**Exercise:**
Word for word, transcribe the data below from the line with "雪燕大龙须小龙须一手货源保质保真" to the line with "Proden Dog Plaqueoff", keeping both of those lines.

**Data section:**
--------------------

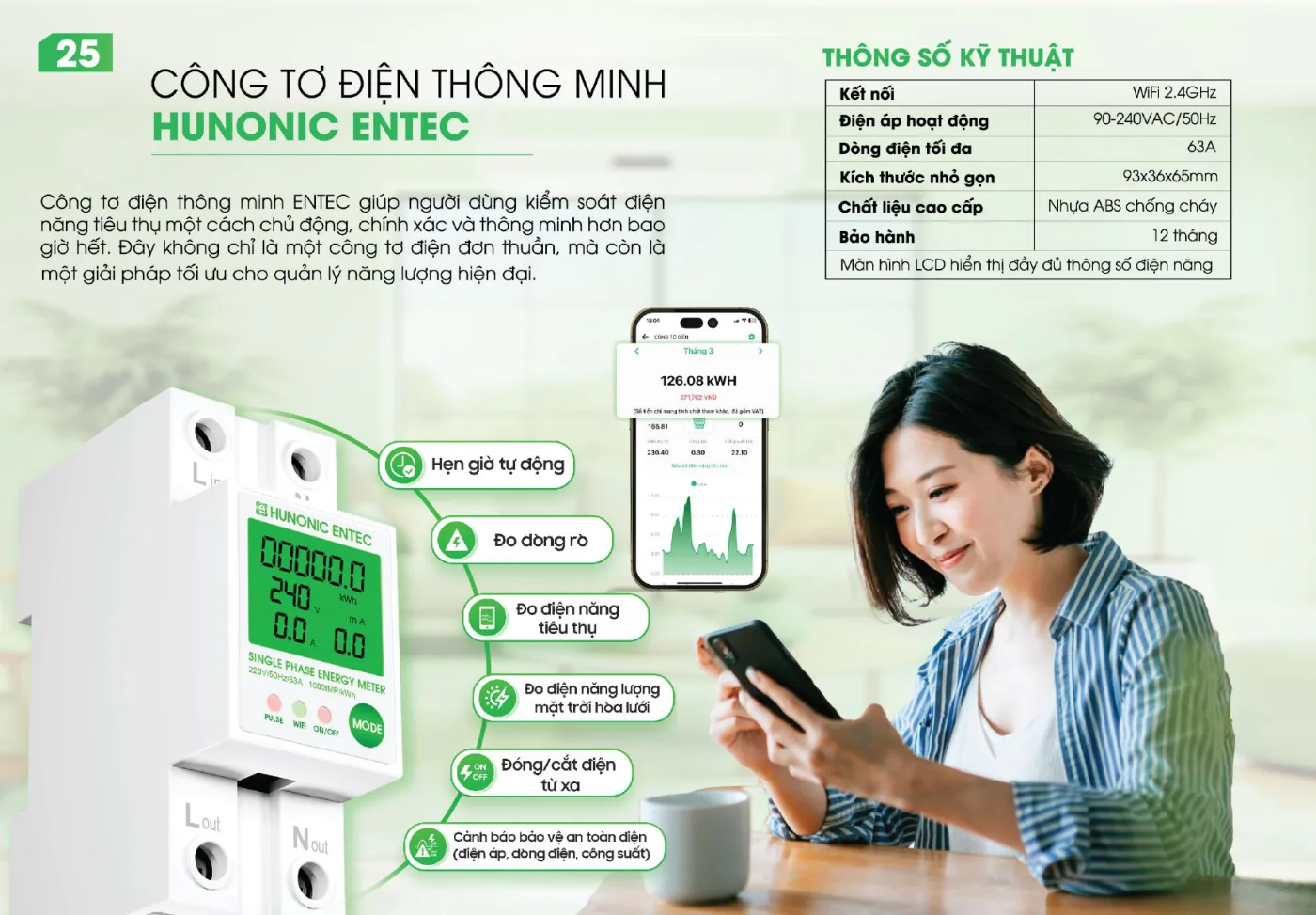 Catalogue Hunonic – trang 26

--------------------

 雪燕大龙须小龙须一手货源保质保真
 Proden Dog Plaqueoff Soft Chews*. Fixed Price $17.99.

--------------------

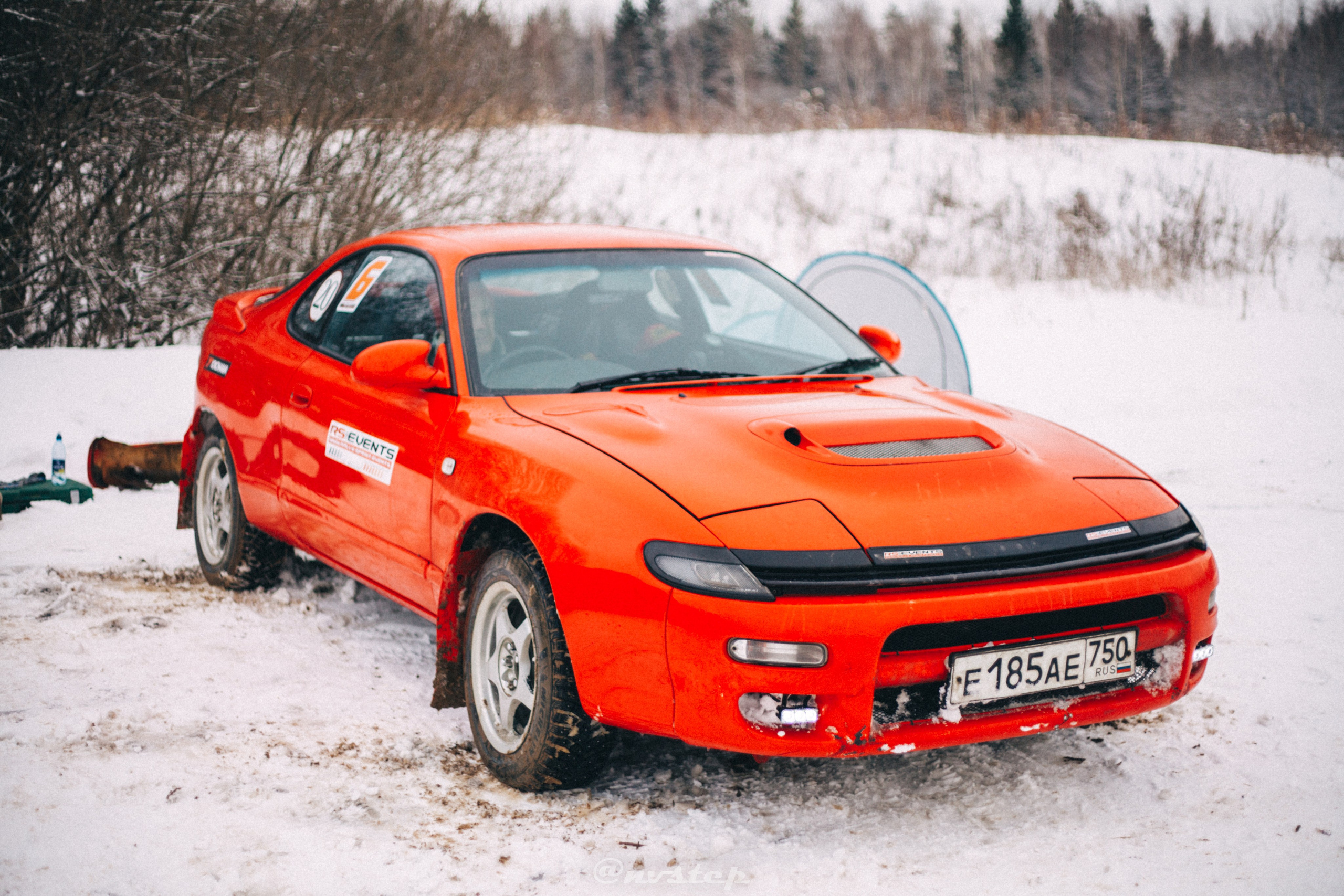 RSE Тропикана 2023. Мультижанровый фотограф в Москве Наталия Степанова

--------------------

**Final answer:**
 雪燕大龙须小龙须一手货源保质保真
 Proden Dog Plaqueoff Soft Chews*. Fixed Price $17.99.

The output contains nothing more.